In der Anhörung wurde auch die Auffassung vertreten, dass dieser Gesetzentwurf nicht geeignet ist, den gewünschten Schutz von Hinweisgebern in irgendeiner Weise sicherzustellen, da der wesentliche Regelungsinhalt einer bundespolitischen Lösung bedarf. Es wurde auch deutlich, dass mit der beabsichtigten Regelung im § 68 a und dem Tatbestandsmerkmal „nach ihrer Auffassung“ dem Thema Denunziation Tür und Tor geöffnet ist. Ich möchte in diesem Hohen Hause ganz deutlich sagen, dass wir als CDU-Fraktion allen Forderungen nach Regelungen, die diesen Charakter tragen, klar entgegentreten, egal in welchem Bereich. Wir fördern in unserer Gesellschaft das Miteinander.
Letzter Punkt, der mich besonders bewegt: Mit diesem Gesetz wollen Sie bei der öffentlichen Auftragsvergabe die teilnehmenden Firmen zwingen, ein unternehmens- und betriebsinternes Hinweisgebersystem nachzuweisen. Sie schaffen damit einen weiteren zwingenden Ausschlussgrund für die Vergabe. Meine Damen und Herren von den GRÜNEN, an dieser Stelle muss ich Ihnen leider sagen, dass Sie die Bodenhaftung für die echten Probleme in unserem Land völlig verloren haben.
In einer Zeit, in der der bürokratische Aufwand für die Unternehmer – und damit meine ich die vielen fleißigen Mittelständler und Handwerker in unserem Land – ein inakzeptables Maß erreicht hat, kommen Sie mit solch einem Vorschlag um die Ecke. Aus meiner Erfahrung haben unsere Firmen in Sachsen eine interne Führungs- und Unternehmenskultur, die ein von außen künstlich aufgestülptes System – wie Sie es wollen und letztendlich hier fordern – nicht benötigen.

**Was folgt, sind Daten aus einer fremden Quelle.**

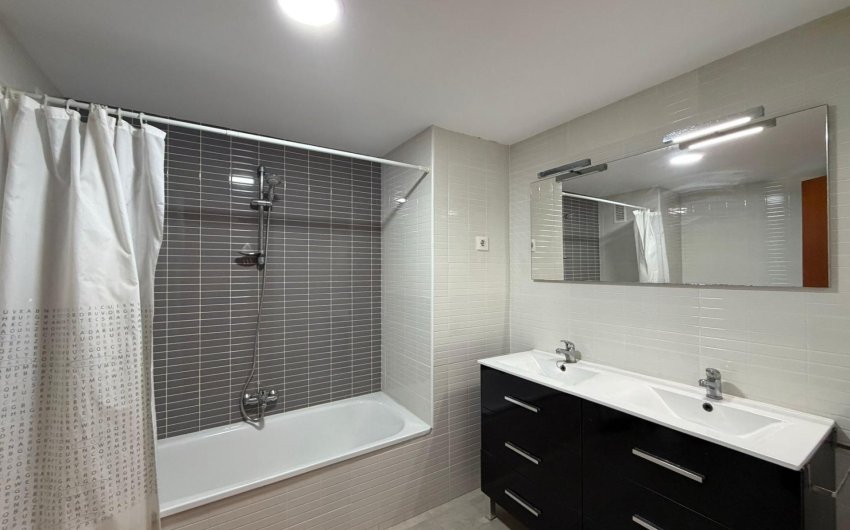 Herverkoop - Apartment -
Torrevieja - Playa de los Locos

Es wird im vertrauensvollen Umgang miteinander besprochen, wenn etwas nicht stimmt, und selbstverständlich gibt es auch Konsequenzen, wenn dem so ist. Ihr Gesetz braucht man dafür nicht. Es gilt der alte Handelsbrauch des Kaufmanns: Ein ordentlicher Kaufmann verhält sich auch ordentlich.
Sie aber schränken in Ihrem Gesetzentwurf nicht ein auf größere Unternehmen, sondern Sie wollen alle treffen. Das ist ein Angriff auf das sächsische Handwerk und den Mittelstand, und das dulden wir nicht.
Wir wollen keine neuen grünen bürokratischen Hürden. Meine Damen und Herren! Aus diesem Grund werden wir Ihren Gesetzentwurf ablehnen.